Vaccines and better treatment
There is no current licensed vaccine for RSV. The only current prevention strategy is with a drug called palivizumab. The drug is expensive and currently only given to children at high risk of severe disease, such as very premature infants. Researchers at the Telethon Kids Institute are undertaking a study to evaluate how much palivizumab is being used and how effective it is.

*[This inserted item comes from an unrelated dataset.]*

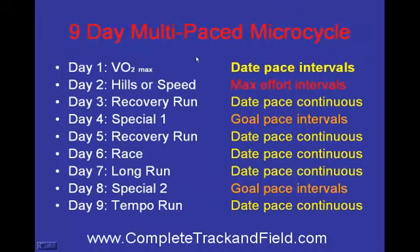This is an example of each of the 9 days, and on the right side is what I'm trying to accomplish. Day 1 is VO2 max — you can see how it's done with race-paced intervals. So in one 9-day cycle we do hills, the next one we do speed. That's a max effort — getting up the hill at max effort or running 30-meter repeats at max effort. I'll lay out these specific workouts in detail a little later. This is just kind of an overview.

The Vaccine Trials Group has been investigating a potential vaccine against two of the most common causes of bronchiolitis - RSV and parainfluenza 3 (PIV). The trial vaccine is given via a nasal drop, making it needle-free. Another study is looking at whether oral treatment with nitazoxanide reduces the duration and severity of respiratory symptoms caused by bronchiolitis.
Determining the size of the problem
Researchers are using information that is stored on public records such as hospital records, routine laboratory records and birth records to gain a better understanding of how many children have been infected with RSV and how severe the infections are.
Mathematical modelling has demonstrated when RSV reaches its seasonal peak, leading to greater understanding about its transmission and seasonal factors that influence its spread. This study is now understanding how a future vaccination program in pregnant women may reduce the number of RSV infections and what are the climatic drivers (e.g. rainfall, temperature, humidity) of infection.
Understanding risk factors
A study found that babies born by elective caesarean were 11 per cent more likely to be admitted to hospital with bronchiolitis in the first year of life. Bronchiolitis also has been shown to be associated with an increased risk of asthma in children.